As I took at these sights throughout the arcade, the number of questions I wanted to ask kept growing.

Along the walkway, I met staff members and volunteers working on the festival.
The staff members wore yellow T-shirts and were able to provide explanations of the Tanabata Festival.

The people in blue T-shirts were volunteers who were there to help tourists take pictures during their visit.

If I had been a visitor unable to speak Japanese, the volunteers could use a translation device to help them approach anyone they heard asking someone to take their picture, or anyone they saw using a selfie stick or standing with their family and trying to take a picture.

The happy smiles of the two volunteers I met were very contagious.

There were more people wearing volunteer T-shirts than I had expected. One of them gave me a recommendation for a very tasty place to eat.

I was able to learn all kinds of things about the festival and it made the experience even more enjoyable for me.

Tanabata, with huge decorations beautifully coloring the arcade.

Was it just me, or were these small, decorated bamboo branches in one corner of the mall the same decorations you could find outside Sendai during other July 7th Tanabata Festivals?

I talked to a staff member in a yellow T-shirt and she said that although it had been canceled due to the typhoon, there is usually a hands-on workshop where participants get to make the seven most popular types of Tanabata decorations.

I mentioned that if some of the materials were still available, I would like to take part in the canceled workshop.
I was in luck because they told me they would take me to someone named Ms. Yamamura, who makes the Tanabata decorations.

Inside her room was beautiful washi paper and many of the decorations I had seen hanging outside.

As I waited for Ms. Yamamura, I looked at the designs.

Being the final day of the festival, it seemed like things were really busy.

This was the decoration-making kit.
Finally...

While listening to her instructions, I carefully folded the traditional washi paper into a small kimono. I love this kind of delicate task.

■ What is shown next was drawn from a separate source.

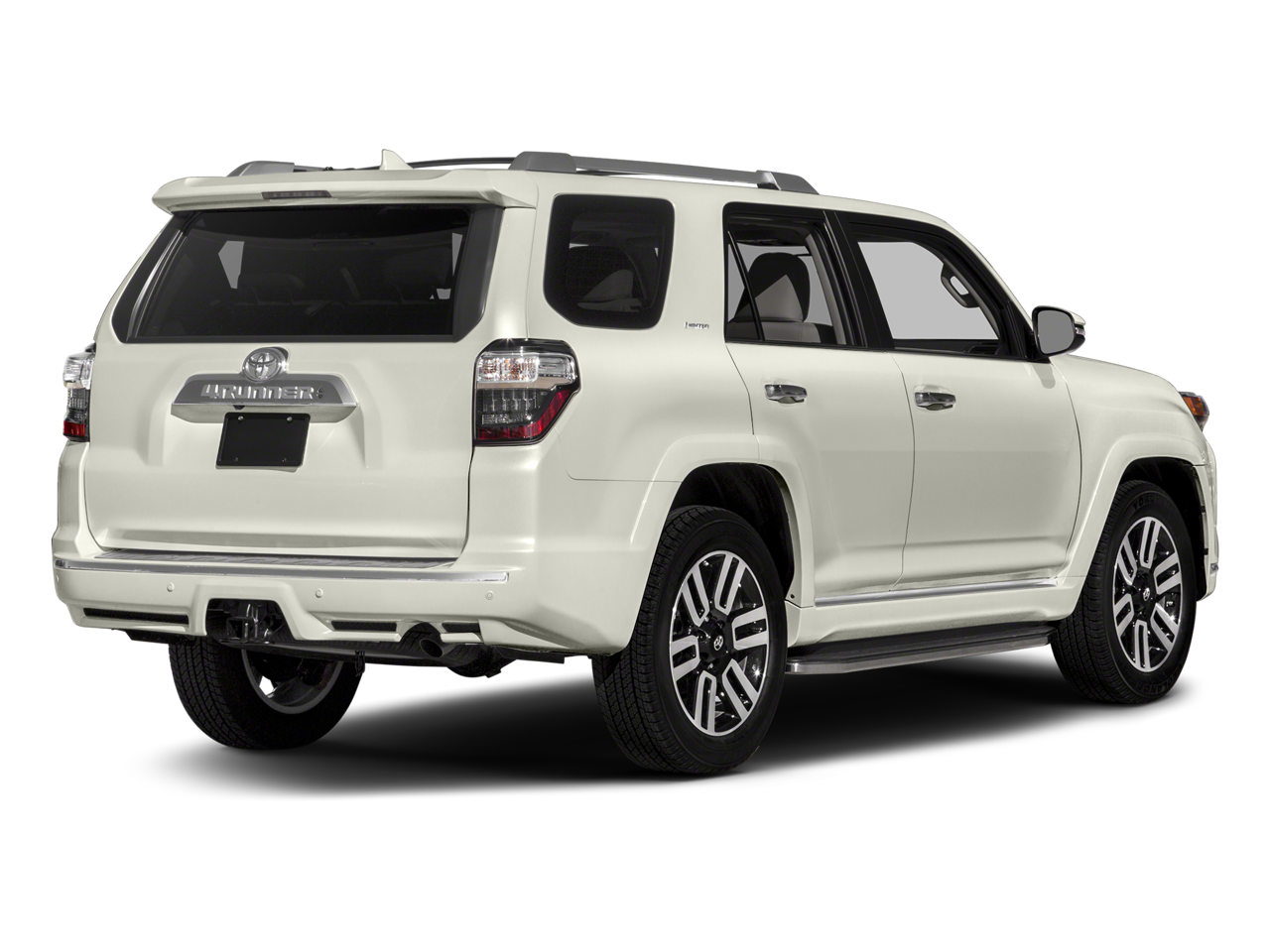 2017 Toyota 4Runner Limited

It was a lot of fun to take a simple square piece of paper and turn it into a beautiful kimono.

Ta-dah!
After folding a red obi sash, it was complete.
It was my first try at this and folding washi paper is not very easy.

I made the left side of the sash too big...darn it.

But I managed to make seven decorations to hang from the bamboo.

Then I wrote my wishes down on a tanzaku streamer to hang beside them.